Noobish question regarding yhat probabilities

Hi,
I’ve just started learning MLJ and I’m recreating a RandomForrect-based binary classification that I did in Python/Scikit. The MLJ version works fine, with one major exception.When I put new data through the trained model, all classification results (based on yhat probabilities) are reversed i.e. group 0 instead of 1 and 1 instead of 0. After subtracting yhat probabilities from 1, I get proper classification. Could someone please enlighten me how to interpret the yhat probabilities?

yhat = MLJ.predict(model_rf_final, x)
p = yhat[idx].prob_given_ref
# this gets proper classification
p_group0 = 1 - p[1]  
p_group1 = 1 - p[2]
# this gets reversed classification
p_group0 = p[1]  
p_group1 = p[2]

e.g. for case 1, which belongs to group 0:

julia> yhat[1]                                                                                                                                                                            
         UnivariateFinite{OrderedFactor{2}}     
     ┌                                        ┐ 
   0 ┤■■■■■■■■■ 0.21                            
   1 ┤■■■■■■■■■■■■■■■■■■■■■■■■■■■■■■■■■■ 0.79   
     └                                        ┘ 

Thanks, Adam

Thanks for reporting. Be helpful if you include a complete minimum working example. In particular, which RandomForest classifier are you using? I think 3 different packages provide a model of that name.

Ah, I see you are using prob_given_ref, which is a private variable.
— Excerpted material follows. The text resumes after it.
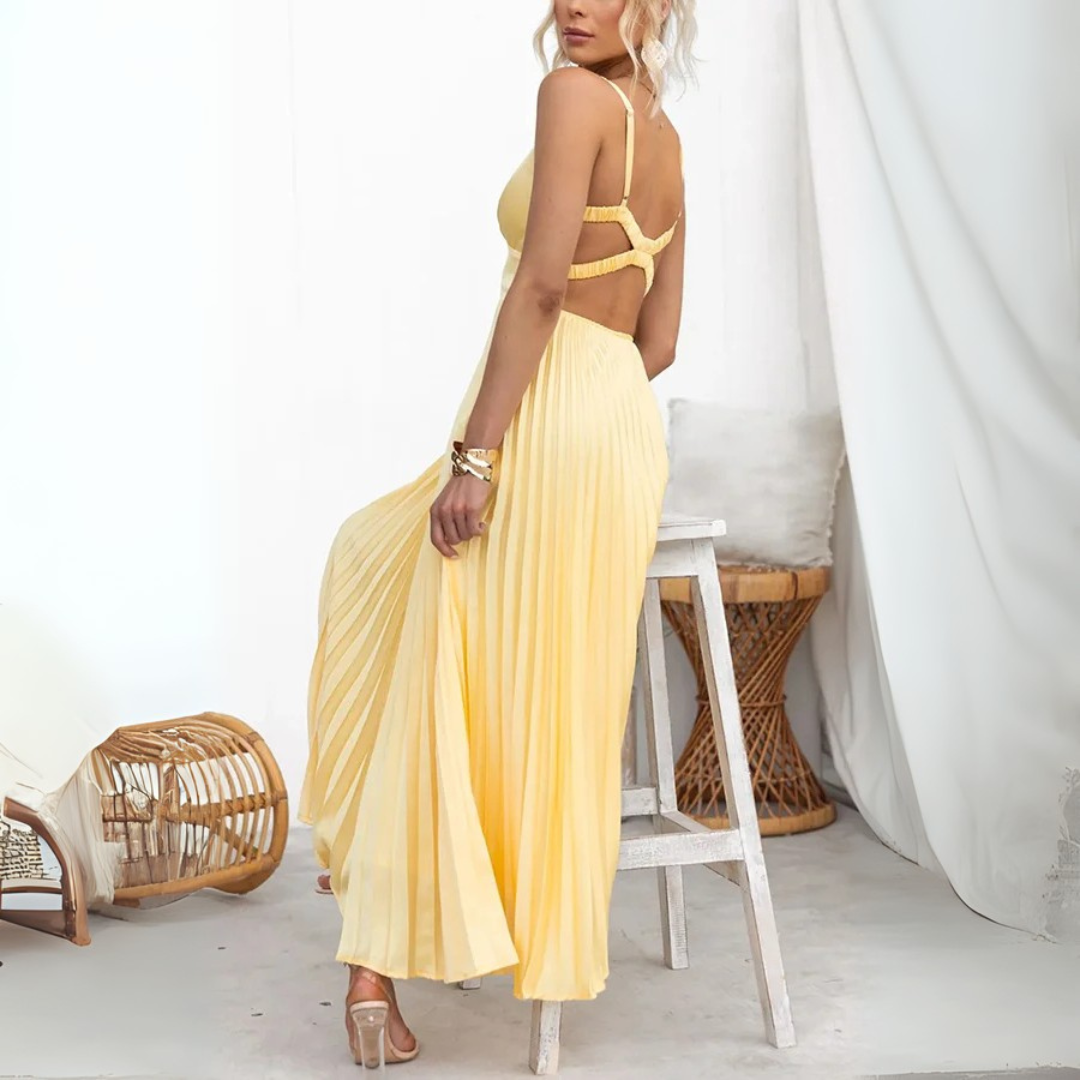 Damen Plissee Maxikleid – Luftiges Trägerkleid Lang für Sommer & besondere Anlässe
This may be the problem, as the refs are internal representations of the class, not necessarily the class labels you trained with (which don’t have to be integers.) To access the probabilities in MLJ you should use the pdf method (actually from Distributions.jl) as shown in the examples in “Getting Started”.

In ScikitLearn-learn classes are always integers with no tracking of the complete pool. For more on working with categorical data in MLJ see here.

Hi,
Thank you, I did as instructed and learned about using pdf.
The problem was however in another part of the program, where classes were incorrectly labeled in the training material :man_facepalming:

1 Like